Толстая перекошенная физиономия в глазке выглядела смешно и угрожающе. Мадам Гролье размахивала руками и давила на кнопку звонка. У Марты не оставалось выбора: придется впустить эту цербершу, пока она не проткнула дверь насквозь…

Консьержка, сменив гримасу на улыбку или что-то похожее, произнесла с порога: «Кое-кто оставил вот это для вас… Кое-кто сказал, чтоб непременно в собственные руки…»

«Вот это» оказалось плоским пакетом, перетянутым красной ленточкой. Что же до «кое-кого» – на неопределенном местоимении был сделан акцент, оно прозвучало с пафосом и чуть-чуть насмешливо, – Марта мгновенно догадалась, что «кое-кто» должен выглядеть пожилым господином, напоминающим художника, что он, скорее всего, был одет в коричневый вельветовый пиджак и носил на шее экстравагантный шарф… Или шейный платок…

Марта посмотрела на консьержку. Должно быть, существуют, думала она, посланцы, специально предназначенные для некоторых поручений, и у них такие божественные лица, наверное, ну, например, как лик ангела с Боттичеллиевского «Благовещения», репродукцию которого Человек-с-тысячей-шарфов бережно хранил в своем альбомчике для набросков.

Она поблагодарила мадам Гролье и отобрала у консьержки пакет, чуть ли не вырвав его из цепких пальцев.

– Это… Это ваш друг? – настоятельно требуя ответа, с нажимом спросила шпионка.

– Да. Да. Именно так. Друг!.. Пока, мадам Гролье… Всего хорошего!

Марте было не по себе.

Сегодня вечером у них не предполагалось свидания, потому что ему надо было вести к ветеринару Собаку, у которой вдруг пропал аппетит. «В таком возрасте это тревожный признак», – уточнил Человек-с-тысячей-шарфов, и Марта видела, что он действительно немного тревожится.

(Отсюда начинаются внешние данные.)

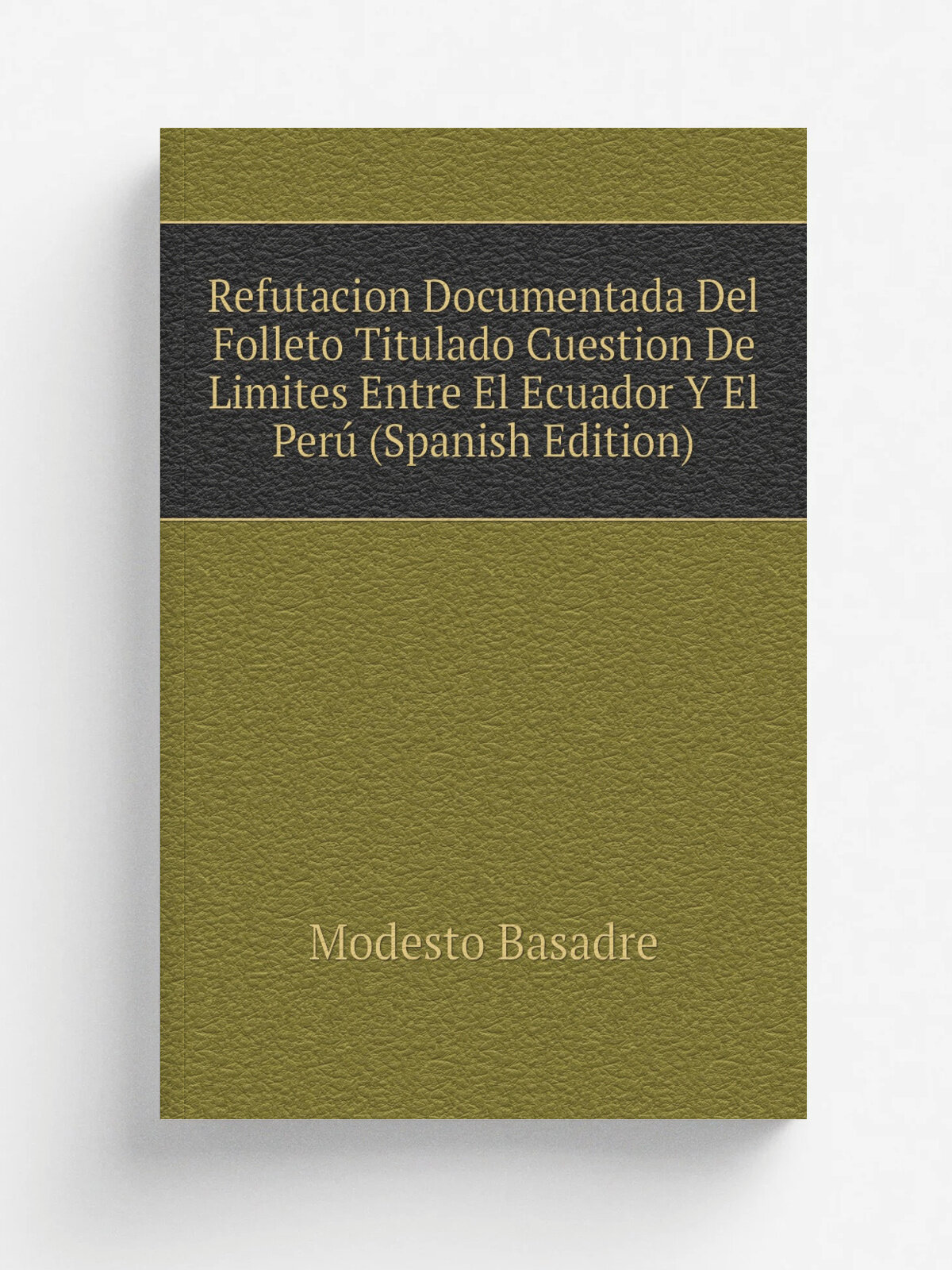 Refutacion Documentada Del Folleto Titulado Cuestion De Limites Entre El Ecuador Y El Per. (Spanish Edition) | Modesto Basadre | Репринт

Нет свидания, и все-таки Феликс здесь, рядом с ней, он здесь – в этом подарке, который ей не терпится развернуть, пусть даже нет поблизости Валантена, который порадовался бы с нею вместе…

Марта стала снимать упаковочную бумагу прямо на кухонном столе; слева стояла ваза с компотом из яблок, справа – шкатулка для рукоделия, которую она решила разобрать и привести в порядок, потому что уже сто лет, как не шила, ну, не сто лет – несколько недель, и за это время как бы в доказательство ее беззаботности и стремления к излишествам во всем скопилось сто-о-олько штопки! А сердце ее пело…

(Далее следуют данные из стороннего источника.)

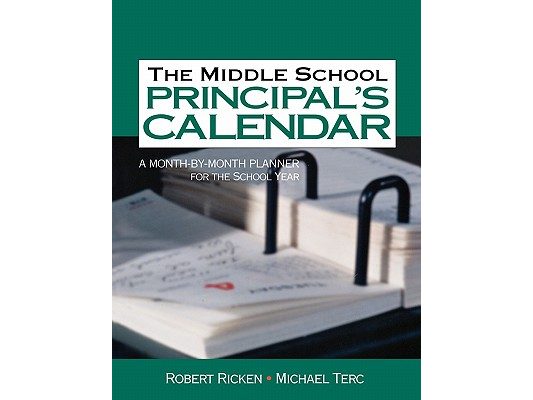 The Middle School Principal′s Calendar: A Month-By-Month Planner for the School Year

Футляр, и довольно большой, да уж, маленьким его не назовешь, а в нем – альбом, старый альбом, нет, одна пластинка, виниловый диск с отрывками из «Севильского цирюльника», а на картинке, украшающей «домик» для пластинки, – Розина в огненно-красном платье, женщина-взрыв, женщина-извергающийся вулкан, и все это, судя по истертости картона обложки, давным-давно было во владении Феликса, может быть, даже сопровождало его очень долгие годы, деля с ним одиночество.

Значит, это его диск! А насколько же это более драгоценный подарок, чем любая новая пластинка! И, значит, это его Розина, его пылкая Розина, которую он захотел преподнести Марте как часть себя самого, но и для того, конечно же, чтобы, как прежде, разделить с ней восторг, напомнив, что они ощущали, первый раз слушая вместе оперу, чтобы хрупкое женское запястье снова почувствовало тяжесть мужской руки и чтобы безумные и стройные рулады, дивные звуки, которые можно было бы назвать самой Любовью, проникли теперь в ее дом и поселились в нем так же прочно, как жили до тех пор в его доме. Заполнив дом до краев…

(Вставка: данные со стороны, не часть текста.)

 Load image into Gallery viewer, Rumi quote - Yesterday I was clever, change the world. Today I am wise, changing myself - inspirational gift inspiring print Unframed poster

Марте стало немного не по себе, ей почудилось, будто она вся превратилась в одно отчаянно бьющееся сердце, и сердце это увлажнилось слезами.

Но это оказалось еще не все. Посреди пышных юбок прелестной Розины белел приклеенный к картону скотчем конверт.

Первое письмо. Первые слова, написанные его рукой, той самой рукой, которая умеет так хорошо рисовать, которая так часто рисует ее, той самой рукой, которая нежно гладит Собаку, той самой, что иногда чуть-чуть дрожит, приподнимая рюмку с портвейном.

Пока письма Марте приходили только от внуков – открытки, которые они ей писали, уезжая на каникулы, или «настоящие» письма, да еще и с раскрасками, выполненными неловко, но с большой любовью. Она хранила все эти сокровища в отдельных для каждого картонных коробках – имена были крупно написаны на крышках. Она мечтала, что вернет потом ребятишкам их трогательные послания, потом вернет, позже, им тогда будет интересно, потому что они же не видят сами, как растут, в то время как она – со своего привилегированного бабушкиного места – с наслаждением и тревогой постоянно наблюдает за этим процессом.

А теперь Марте предстояло прочесть письмо от мужчины. От мужчины, который написал ей в первый раз и который не был ей ни мужем, ни сыном, ни чиновником из отдела социального обеспечения… Марте предстояло вскрыть конверт и прочесть письмо от Человека-с-тысячей-шарфов, а эта операция требовала массы предосторожностей и по отношению к самому письму, и по отношению к женщине, которой оно адресовано, женщине хрупкой, как ее запястье.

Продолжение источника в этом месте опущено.